Texas Fingers Welfare Fraud

Don't even think about using a fake ID to get welfare benefits in Texas. The Lone Star State is fingerprinting applicants, to the dismay of privacy advocates. By Lindsey Arent.

It just got harder to mess with Texas.

The Texas Department of Human Services has turned to biometric identification -- that is, fingerprinting -- to keep would-be welfare frauds from costing the state millions.

In 1995, the Texas legislature passed a bill requiring the DHS to make the welfare application process more secure and minimize fraudulent claims.

In response, state officials created the Lone Star System, which requires applicants to provide fingerprints to receive benefits. The system was designed to prevent people from signing up for food stamps or the Temporary Assistance to Needy Families program more than once, officials said.

"Once we build this database, if someone were to try to obtain duplicate benefits or bilk the system, they'd be discovered," said Human Services spokesman Michael Mahoney.

But privacy advocates are concerned that the program could be used as a form of legalized governmental surveillance.

"Biometrics are a double-edged sword," said Barry Steinhardt, associate director of the American Civil Liberties Union. "They may be a tool for advanced security but they also are a tool for invasion of privacy."

Texas currently manages 630,348 public assistance cases for food stamps and temporary aid combined. In 1998, total food stamp and temporary aid disbursements amounted to nearly US$2 billion, according to the DHS.

Human services officials estimate that fraud cases amount to roughly half a percent per year, or $9 million.

"Nobody knows for sure how bad the fraud was before the system was implemented because it's difficult to detect. It's usually discovered by accident," Mahoney said.

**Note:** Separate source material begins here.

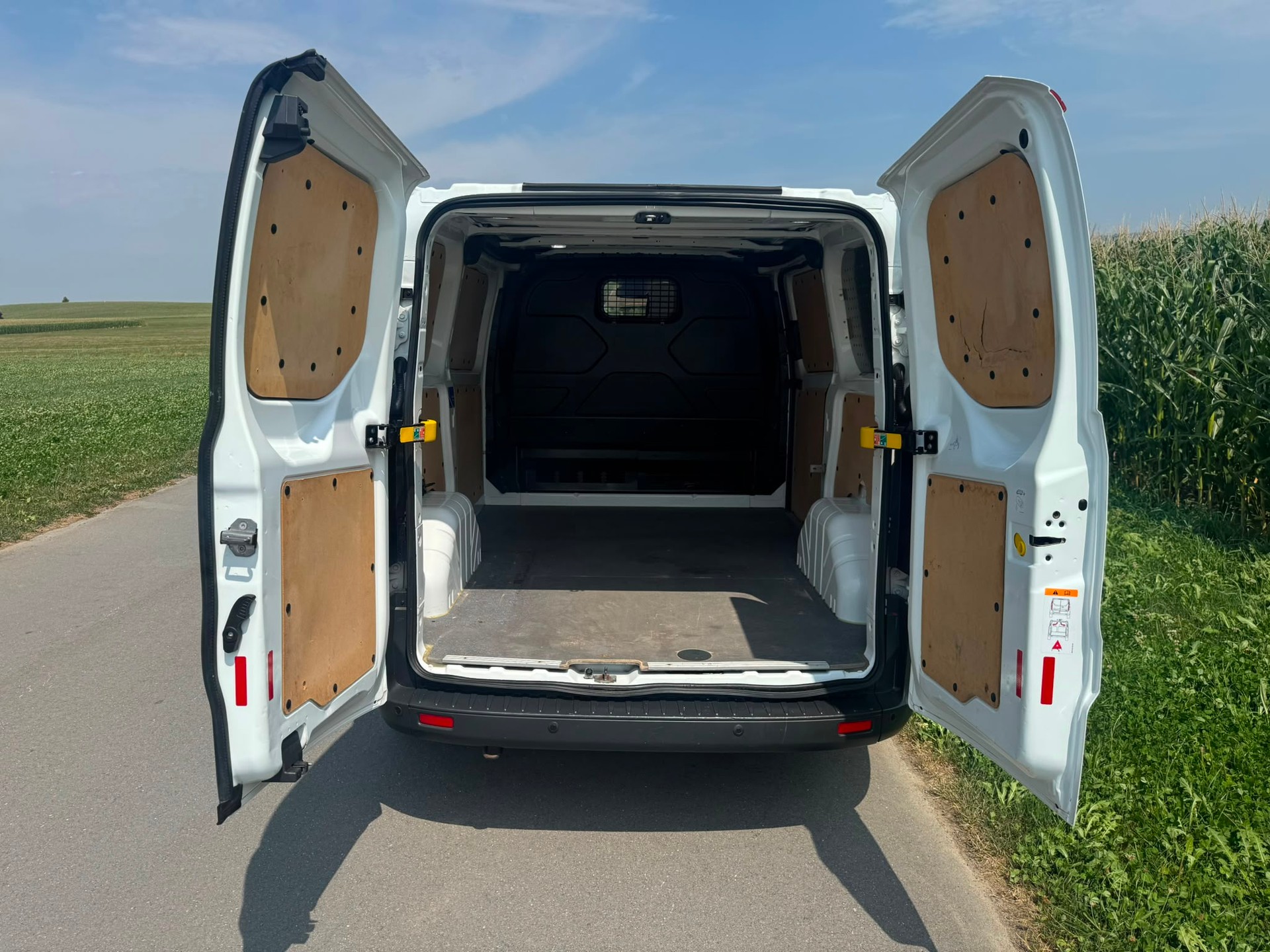 FORD Transit Custom Van 270 L1H1 Trend-image-5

"It’s the kind of loss that can be described as chronic loss," he said. "It would continue to happen for years. This program closes that loophole."

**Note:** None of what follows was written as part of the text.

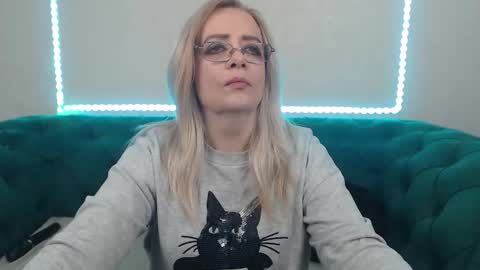 ivanacharm online show from January 10, 4:47 am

Welfare officials estimate the imaging system will save $16.1 million over the next five years, including the $12.8 million it cost the state to implement the program.

The Lone Star system, designed by biometrics firm Sagem Morpho is made of a PC, a finger scanner, and a video camera.
DHS workers enter the applicant's demographic information, digital photo, and fingerprints into the system.

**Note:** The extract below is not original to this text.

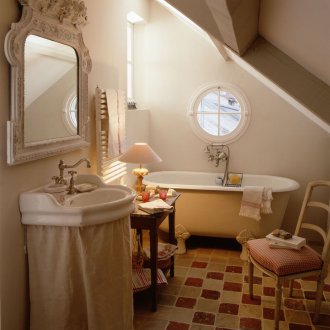 Foto panorámica en el interior de la casa.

An applicant places two fingers, one at a time, on a square-inch scanner screen. The image is sent to a central matching facility in Austin that verifies overnight whether the finger images are already in the system.

"If the answer is no, then it's safe to assume that that person has not applied for assistance under a different name," said Sagem Morpho spokeswoman Sandra Salzer. "If it is yes, those results are sent to fraud investigators."

The inspectors determine whether the match is "truly fraud or simply an administrative error," Salzer said. "Did the intake worker improperly enter this person, or was there a change of names? People sometimes forget they already applied."

The fingerprint imaging system will be up and running in 400 DHS offices scattered throughout the nation's second-largest state by 23 August.

So far, six states, including California, New York, and Massachusetts use finger-imaging systems to regulate welfare fraud. Five more, including New Jersey and Florida, are in the process of building systems.

Mahoney said the system will only be used for welfare fraud management, not for law enforcement of any kind.

"This is a standalone database and it's as secure as a database can get. Because we are a social service agency, all our client information is confidential," Mahoney said. "All the information is taken at an office and sent electronically to a database in Austin, it’s self–contained."

But even the most secure databases cannot be relied upon, Steinhardt said.

"Databases that are created for one purpose are rarely restricted to that one purpose, and laws can and are amended," he said. "Once you create these identification systems, someone will always advance a good reason to access them. There's nothing to prevent law enforcement from getting a court order and getting into that database."

Steinhardt believes that, although biometrics profiling may start with the disadvantaged, it could extend to a wide variety of transactions, such as financial services.

"Welfare recipients are a relatively powerless, unpopular group," Steinhardt said. "But the use of biometrics isn't going to end with welfare recipients. This is really just the tip of the iceberg."